AVAILABLE RECORDS:
BEGIN
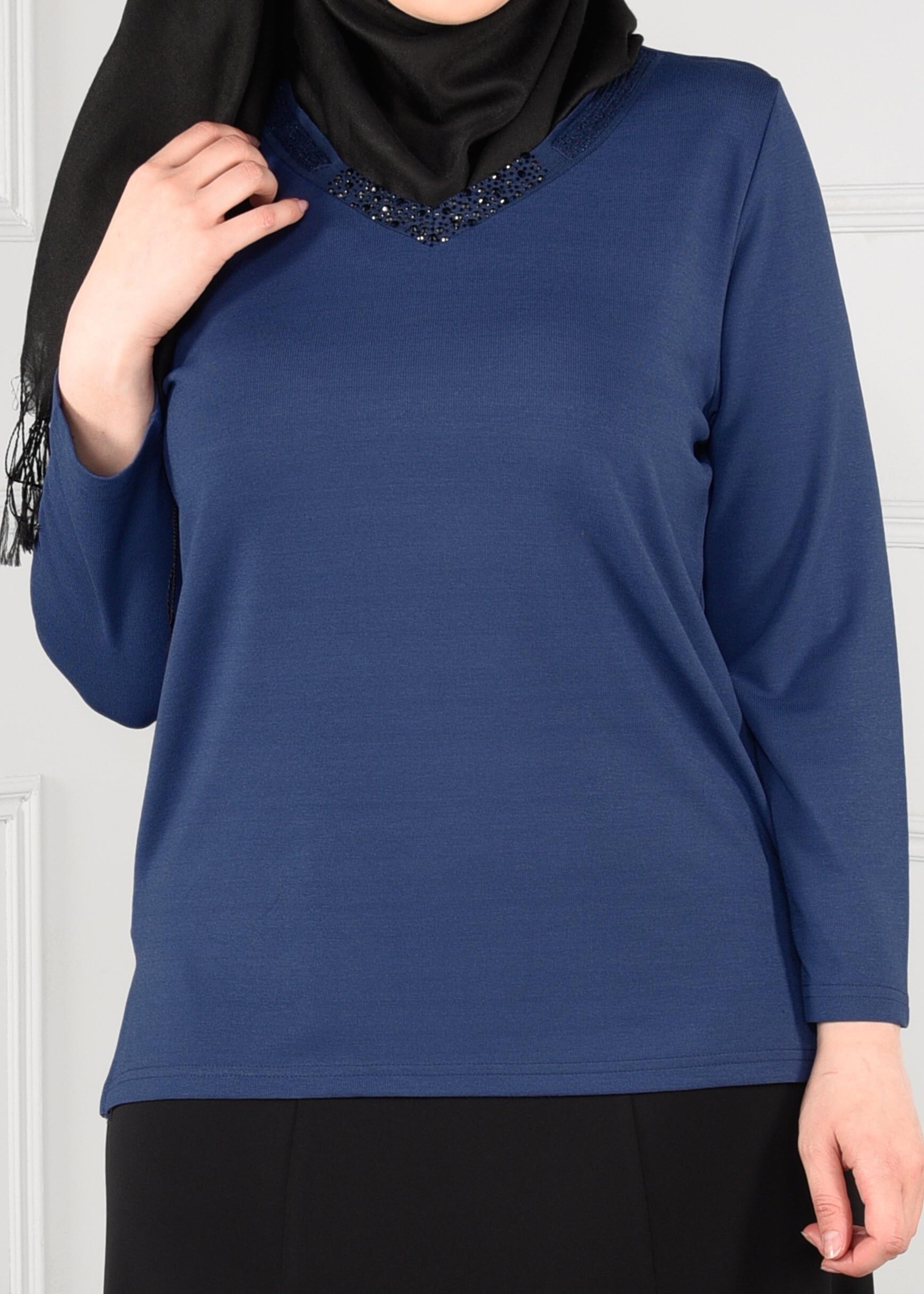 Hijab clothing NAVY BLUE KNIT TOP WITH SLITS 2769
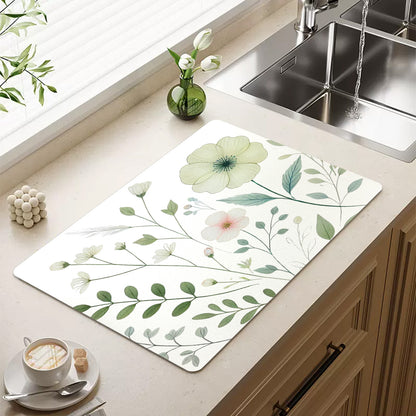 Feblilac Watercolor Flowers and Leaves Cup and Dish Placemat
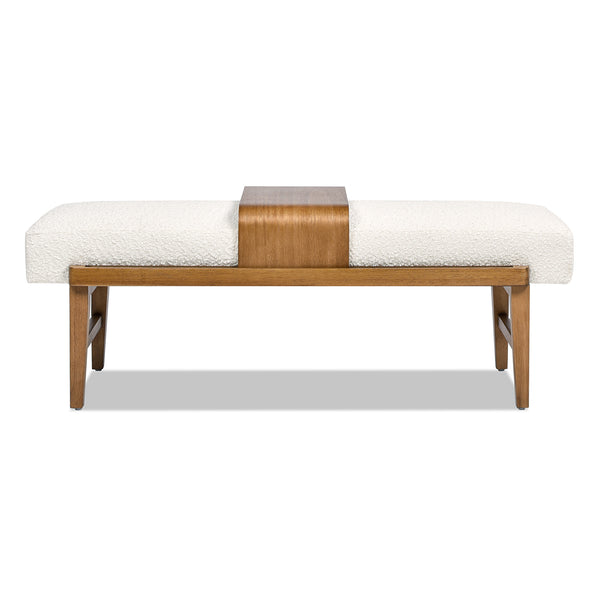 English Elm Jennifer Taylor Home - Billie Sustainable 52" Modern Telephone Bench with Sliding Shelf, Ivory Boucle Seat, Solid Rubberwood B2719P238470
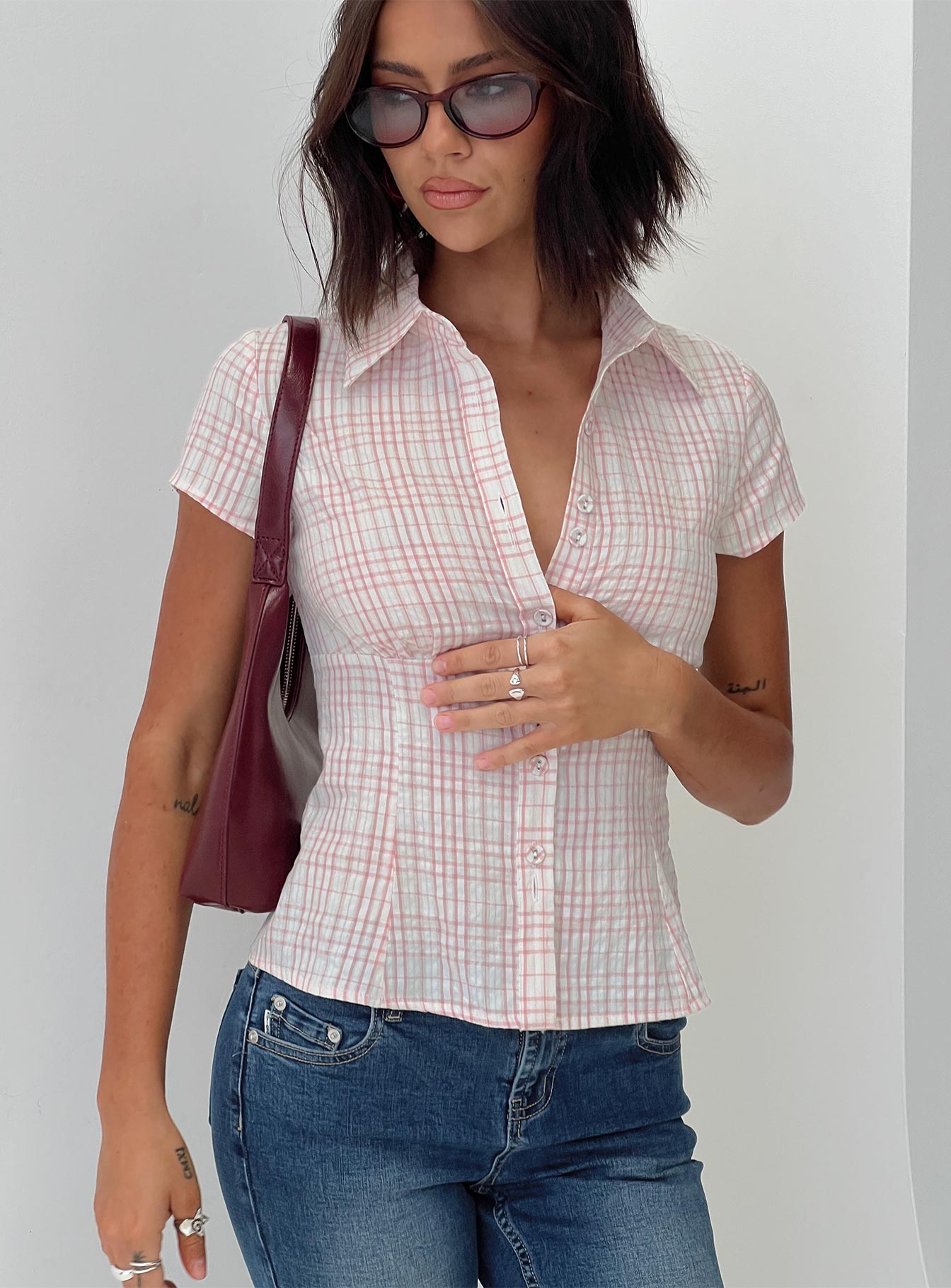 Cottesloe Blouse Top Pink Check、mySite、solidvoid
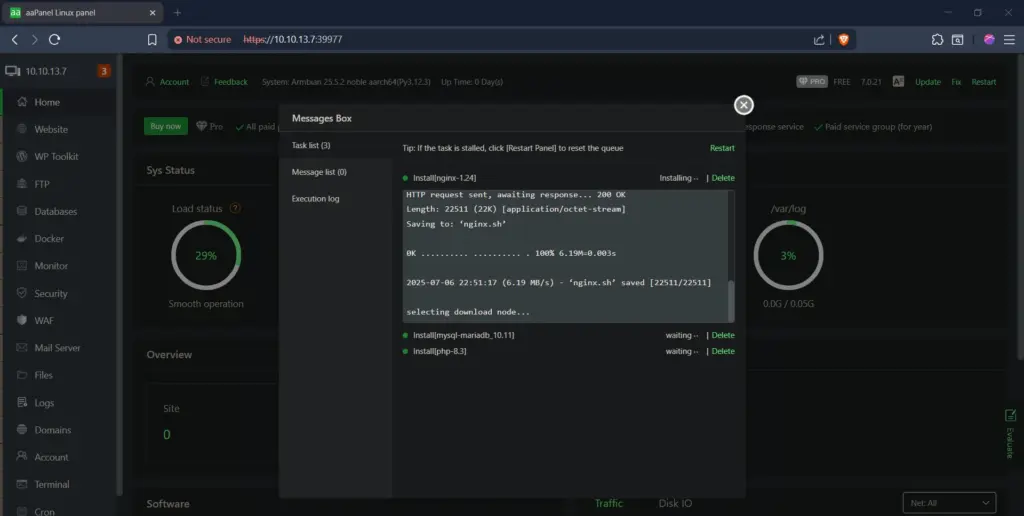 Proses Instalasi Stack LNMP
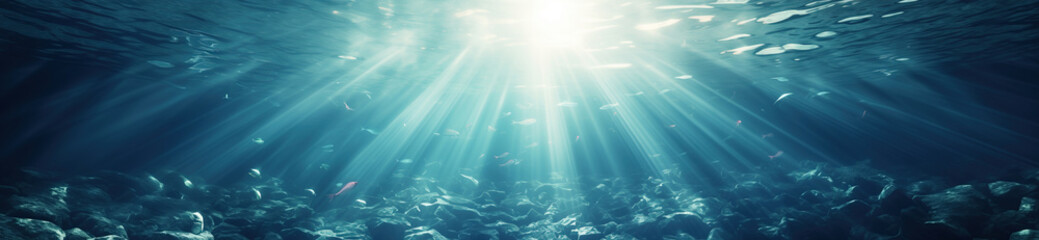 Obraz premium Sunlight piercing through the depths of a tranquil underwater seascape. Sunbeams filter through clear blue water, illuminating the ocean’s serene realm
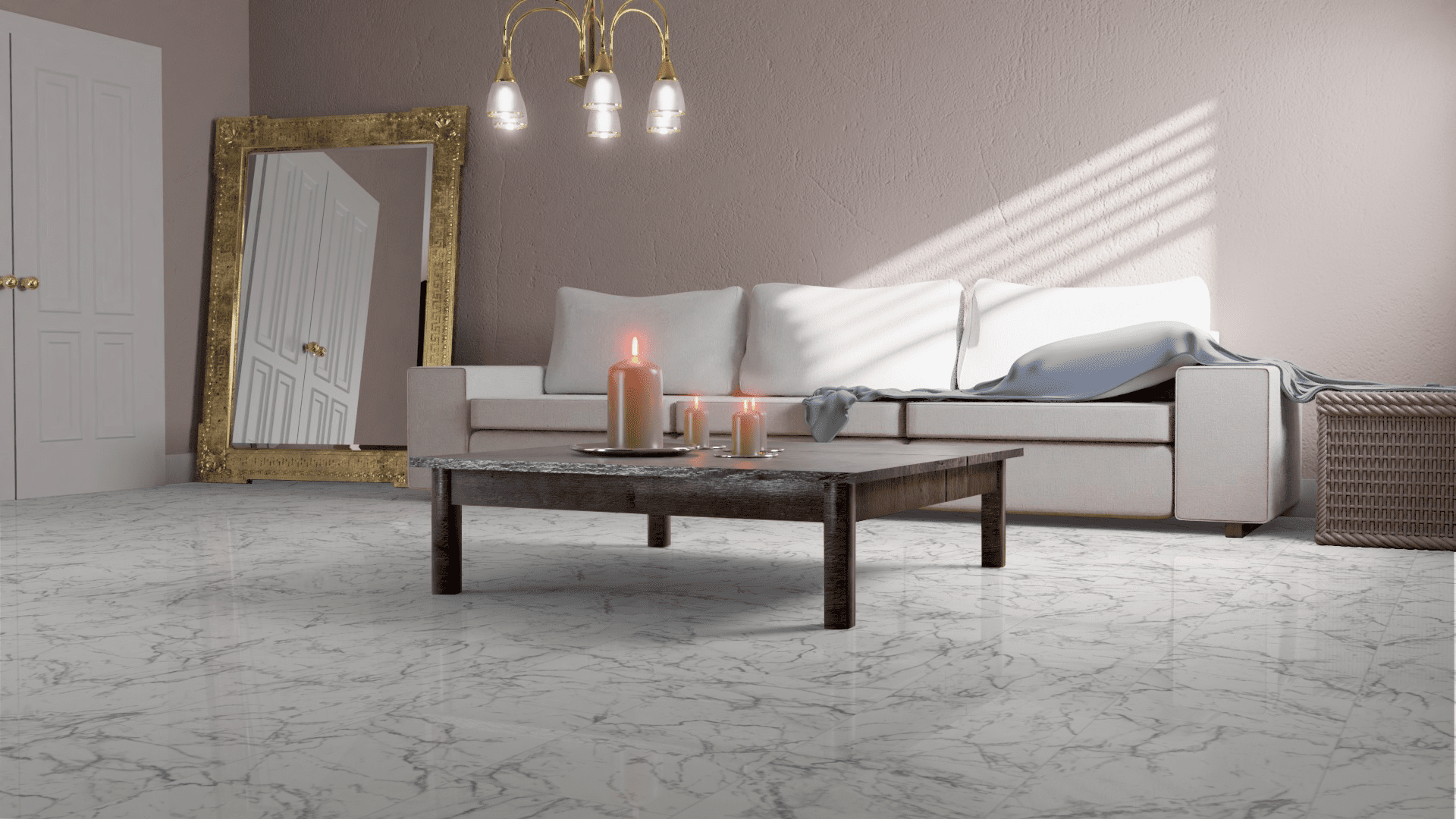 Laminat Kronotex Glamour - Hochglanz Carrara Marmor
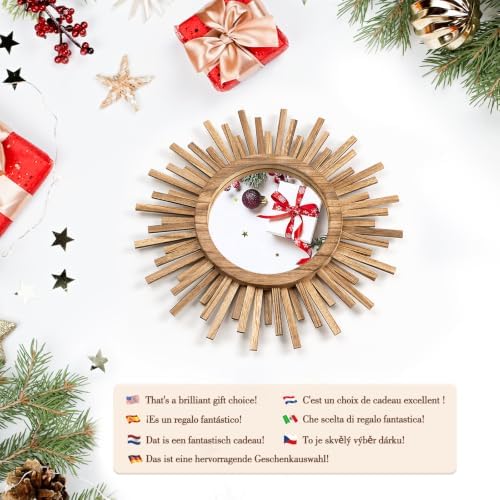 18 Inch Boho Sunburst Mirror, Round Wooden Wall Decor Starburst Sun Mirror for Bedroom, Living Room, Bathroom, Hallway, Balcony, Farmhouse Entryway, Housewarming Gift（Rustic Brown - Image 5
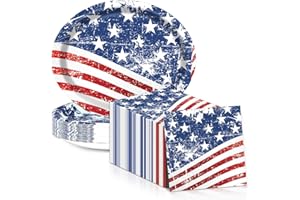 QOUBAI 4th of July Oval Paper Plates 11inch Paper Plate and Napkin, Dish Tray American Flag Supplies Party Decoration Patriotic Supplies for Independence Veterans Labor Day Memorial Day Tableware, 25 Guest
END
REQUIRED WORK: Without carrying over any picture, retype the records above word for word.

SOLUTION TO THIS PROBLEM:
 Hijab clothing NAVY BLUE KNIT TOP WITH SLITS 2769
 Feblilac Watercolor Flowers and Leaves Cup and Dish Placemat
 English Elm Jennifer Taylor Home - Billie Sustainable 52" Modern Telephone Bench with Sliding Shelf, Ivory Boucle Seat, Solid Rubberwood B2719P238470
 Cottesloe Blouse Top Pink Check、mySite、solidvoid
 Proses Instalasi Stack LNMP
 Obraz premium Sunlight piercing through the depths of a tranquil underwater seascape. Sunbeams filter through clear blue water, illuminating the ocean’s serene realm
 Laminat Kronotex Glamour - Hochglanz Carrara Marmor
 18 Inch Boho Sunburst Mirror, Round Wooden Wall Decor Starburst Sun Mirror for Bedroom, Living Room, Bathroom, Hallway, Balcony, Farmhouse Entryway, Housewarming Gift（Rustic Brown - Image 5
 QOUBAI 4th of July Oval Paper Plates 11inch Paper Plate and Napkin, Dish Tray American Flag Supplies Party Decoration Patriotic Supplies for Independence Veterans Labor Day Memorial Day Tableware, 25 Guest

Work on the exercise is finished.